Sunday, November 18, 2007

Pustaka: Catatan atas "Purnama di Bukit Langit"

-- Iwan Fridolin*

KERJA penerjemahan puisi adalah sejenis kegiatan kreatif. Dalam menerjemahkan sebuah puisi, banyak unsur yang tidak bisa begitu saja dipindahkan. Faktor bahasa memainkan peranan yang pokok, disertai prinsip-prinsip versifikasi, bentuk-bentuk persajakan maupun muslihat-muslihat puitik.

Begitu juga ketika menerjemahkan puisi klasik China, kita dituntut untuk mempertimbangkan bahasa China klasik sebagai medium ekspresi puitik. Sementara itu, seperti bahasa China, gramatika bahasa Indonesia sifatnya longgar dan hampir tidak berstruktur. Adanya beberapa kesamaan sifat antara kedua bahasa sesungguhnya menguntungkan kerja penerjemahan puisi klasik China ke dalam bahasa Indonesia.

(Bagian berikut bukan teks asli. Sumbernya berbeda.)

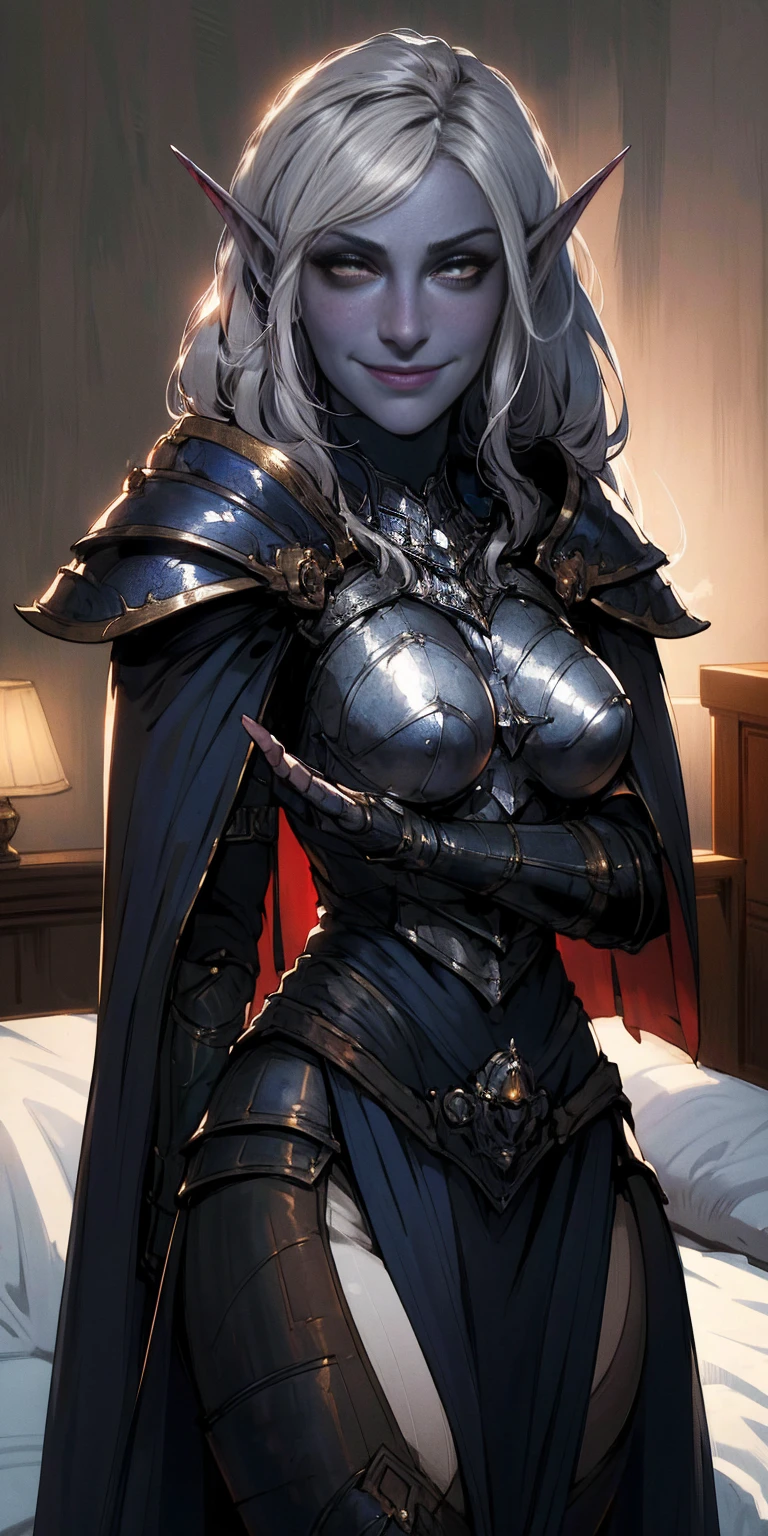 masterpiece, best quality, CG, wallpaper, HDR, high quality, high-definition, extremely detailed, drow, colored skin, dark elf, blue skin, grey skin, pointy ears, cape, armor, looking at viewer, 1girl on bed masturbate, dimmed light, brown eyes, long hair, chibi, red cheeks, sweat 😓 (happy smile closed mouth)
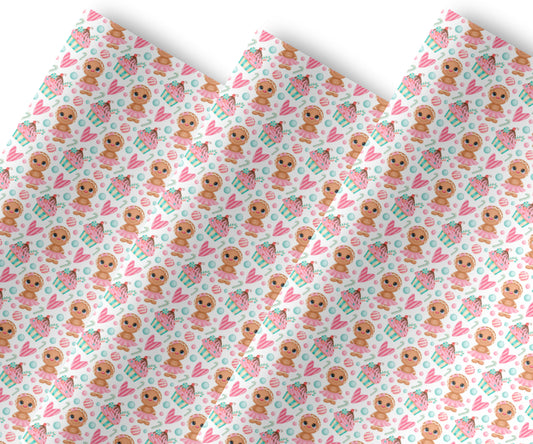 Gingerbread and cupcakes  leatherette fabric A4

Meskipun begitu, sejumlah kesulitan tetap saja akan dihadapi seorang penerjemah karena faktor-faktor budaya, kebiasaan, cara berpikir dan rasa bahasa, di samping kerangka versifikasi tradisional China itu sendiri.

Kalimat-kalimat dalam bahasa China klasik memang cenderung longgar dalam susunannya, dan bisa dikatakan hampir sepenuhnya terbebas dari batasan-batasan gramatik. Bahasa China tidak mengenal bentuk infleksi, seperti untuk jamak, dan juga bentuk jender, kasus, modus, tensis, dan lain-lain. Selain itu, sebuah kata dalam bahasa klasik umumnya tidak memiliki arti yang pasti sehingga dituntut penafsiran dan pemahaman khusus.

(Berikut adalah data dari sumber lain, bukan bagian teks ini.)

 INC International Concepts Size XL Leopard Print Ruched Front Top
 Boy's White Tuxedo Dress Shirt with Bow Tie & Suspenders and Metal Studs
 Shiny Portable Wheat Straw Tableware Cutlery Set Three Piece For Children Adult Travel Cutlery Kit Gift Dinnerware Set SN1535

Kondisi bahasa seperti ini memang menjadi sumber ambiguitas, namun manfaatnya dalam perpuisian adalah memungkinkan pengungkapan emosi dan pemikiran dalam pernyataan yang padat, ringkas, dan ekonomis. Purnama di Bukit Langit: Antologi Puisi Tiongkok Klasik adalah kumpulan sajak China klasik hasil terjemahan Zhou Fuyuan. Di dalam buku ini terkumpul 560 sajak dengan rentang waktu dari masa Dinasti Zhou (periode Negara-Negara Berperang tahun 475-221) sampai masa Dinasti Qing (tahun 1644-1911).

Dilihat dari rentang waktu dan jumlah sajak yang diterjemahkan, antologi ini adalah kumpulan puisi klasik China dalam bahasa Indonesia yang paling lengkap. Dibandingkan karya-karya terjemahan dari beberapa penerjemah lain sebelumnya, hasil terjemahan Zhou Fuyuan jauh lebih bagus dan lebih baik, khususnya dalam hal penggunaan bahasa Indonesia dan penghayatannya atas perpuisian klasik China.

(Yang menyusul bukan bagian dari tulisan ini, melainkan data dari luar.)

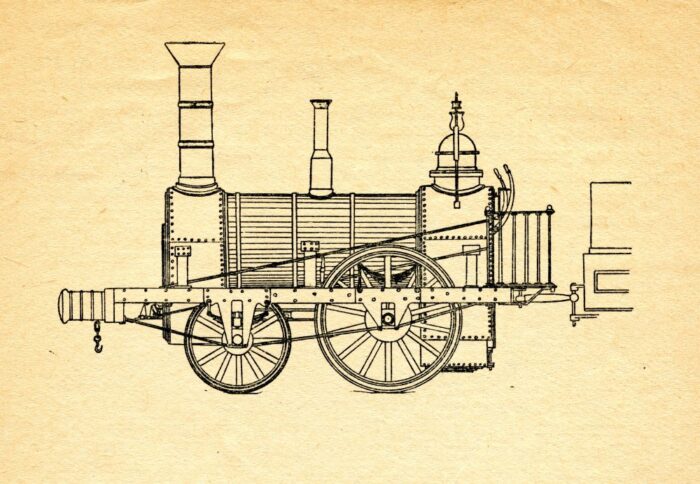 Side view technical drawing of an early steam locomotive showing wheels, boiler and pipework.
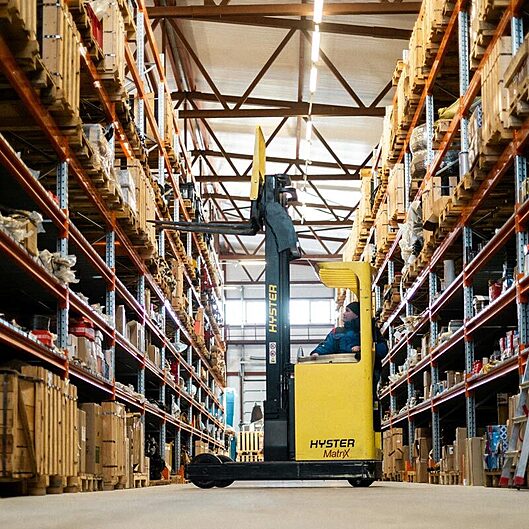 Warehouse with forklift.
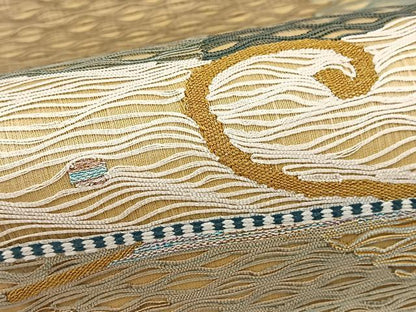 平和屋着物▽太鼓柄袋帯　スリーシーズン　春夏秋　櫛織り　草花文　正絹　逸品　未使用　BAAX3041yc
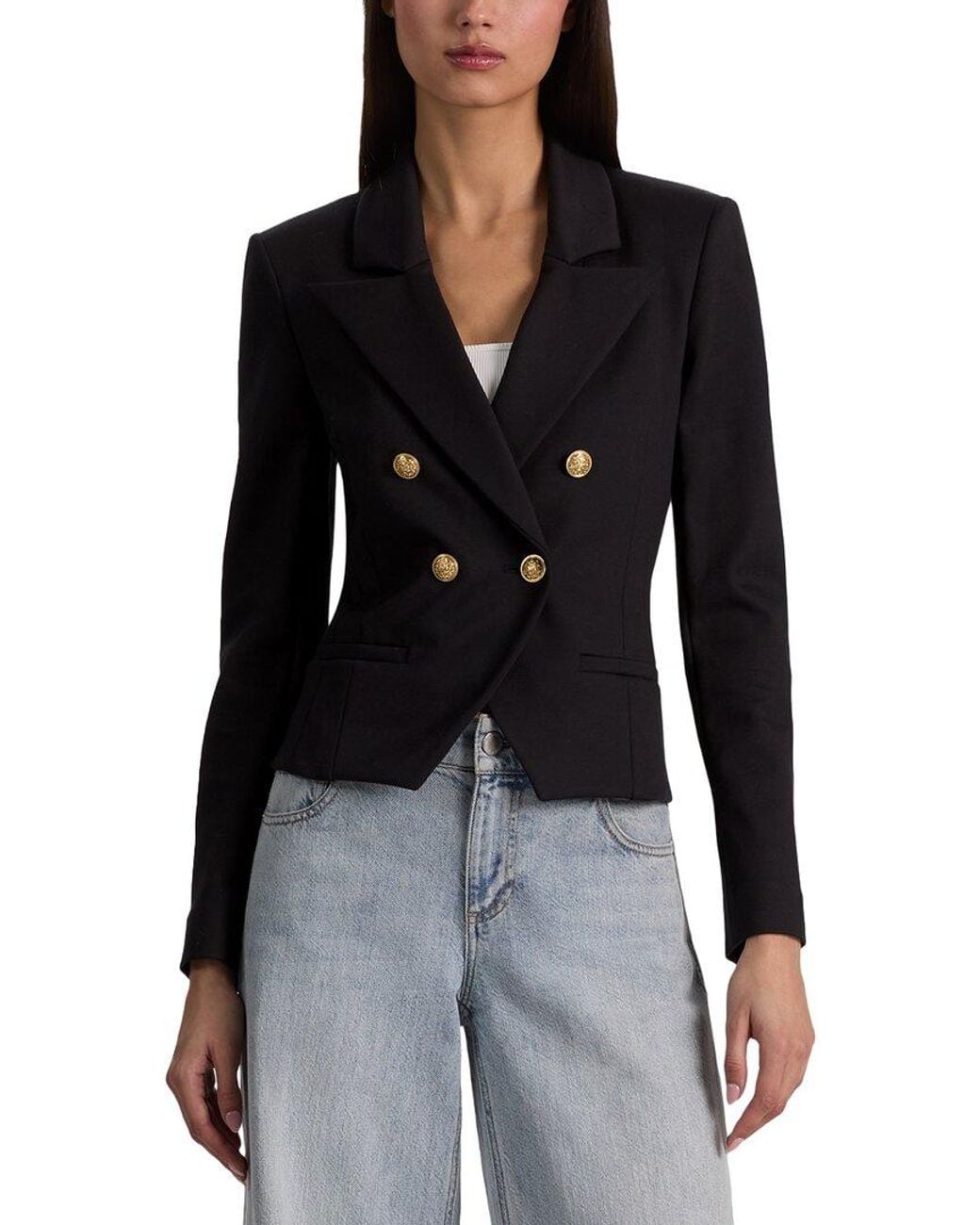 Alice + Olivia Black Sable Double-Breasted Cropped Blazer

Namun, catatan tetap perlu diberikan atas beberapa kelemahan dari buku ini. Pertama-tama, pembagian antara shi (diterjemahkan oleh Zhou Fuyuan sebagai sanjak) dan ci-qu (diterjemahkan sebagai syair-lirik) di samping tidak lazim juga membingungkan seperti terlihat dalam komposisi hasil terjemahan. Tidak jelas pengelompokan yang dimaksudkan oleh Zhou, apakah berdasarkan genre, kategori, atau hal lain.

Selain itu, klasifikasi tema (tujuh buah pada Bagian Pertama dan tujuh buah pada Bagian Kedua) tumpang-tindih dan cenderung menyesatkan. Sulit dipahami bahwa sajak Wang Wei Pesanggrahan Rusa adalah sebuah nyanyian musim (hal 62), atau Jalan Pulang-nya Li Bai adalah derita pengembara (hal 173). Tampaknya Zhou Fuyuan tidak cukup kritis dalam merujuk pada antologi puisi klasik China dengan pengategorian menurut tema yang akhir-akhir ini banyak diterbitkan.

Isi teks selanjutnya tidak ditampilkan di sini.